Looking out the window this evening, I realise that I missed the seasons change. During August’s last week, I left a green, relatively warm and sunny Ireland to spend just over three amazing weeks exploring the States; returning at the end of September.
It was great to have the opportunity to spend close to an entire month stateside; made possible due to the fact that I was there partly for work. I had lots of meetings with research groups and spent plenty of time working on my laptop in coffee shops but I won’t bore you with those details! Late August was the perfect time to go and the weather was just as dazzling as the trip. It’s not every day as an Irishwoman that you can say you wore shorts and tank tops mid September, unless you’re one of the crazy brave (or just crazy?) ones who consider summer wear as the standard Saturday night Harcourt Street uniform.
Anyway, back to the trip (Did you notice I tend to trail off a lot in my posts and a good ‘anyway‘ in italics always brings us right back? Something I have to work on. Probably.)
This story begins just like many other travel diaries of its kind; at everyone’s favourite place…the airport! I actually love Dublin Airport, as far as one’s love of airports can go. Boston’s airport; Logan International Airport wasn’t too shabby either, but again, we’re not here to discuss overpriced packaged ‘food’ and the promise of free WiFi access for five whole minutes if you hand over your first born. And so off went, on a 7 hour flight to Uncle Sam.
We arrived into Boston on a Thursday evening, where we would spend the next two days. Exciting! Not wanting to burn out on the first evening, we took it easy – a trip to The Cheesecake Factory for burgers, tacos and margaritas marked the beginning of my (just as important) Great American Road Trip eatathon.

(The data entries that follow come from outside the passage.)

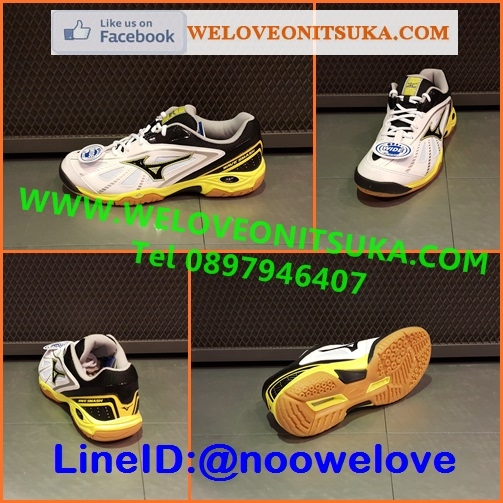 Mizuno Wave Smash Lo3 สีขาวคาดดำ ยอดรองเท้าแบดมินตัน หน้าเท้ากว้าง3E รุ่นยอดนิยม สีสวย โดดเด่น ชัดเจน หนานุ่ม ใส่สบายเท้า 71GA166044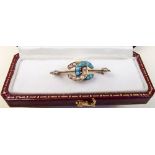 An Edwardian gold brooch with interlaced horseshoes set turquoise and seed pearls - unmarked but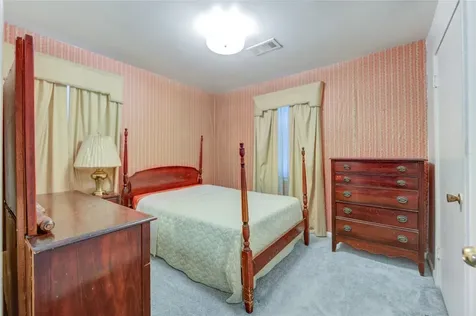 5223 Grace Point Lane Houston TX 77048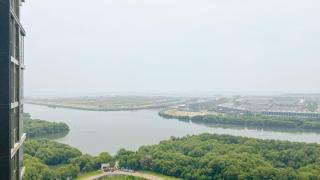 Modern Look 1BR with Golf Island and Sea View Gold Coast Apartment By Travelio - Jakarta - 7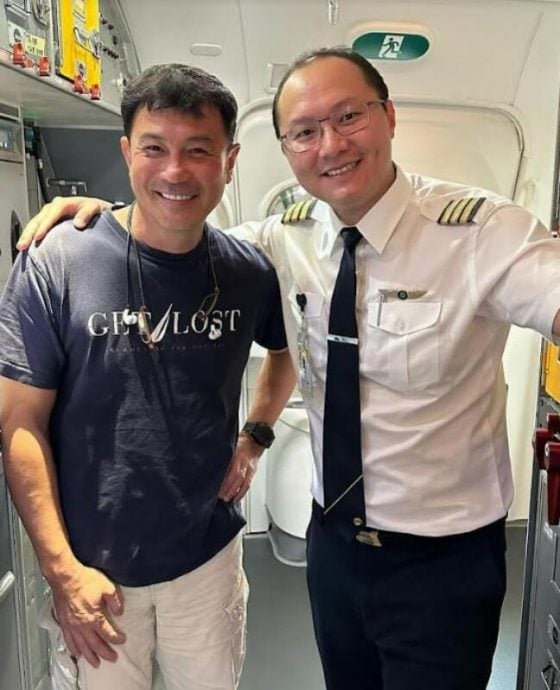(已签发)柔:狮城二三事:前艺人杨伟烈当副机长 林明伦机上喜重逢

Look at this bar we found on the way back to our hotel the first night. I love how Americans do things like this; big, bold, or better yet; super-sized! Impressive screens like this would be really handy here at home, don’t you agree? No ones head would be in your way, you wouldn’t be waiting outside the pub from 11am to secure yourself a seat (knowing all too well that you’ll be incoherent by the time broadcasting starts) and we’d all see the final. Vote for me! For President!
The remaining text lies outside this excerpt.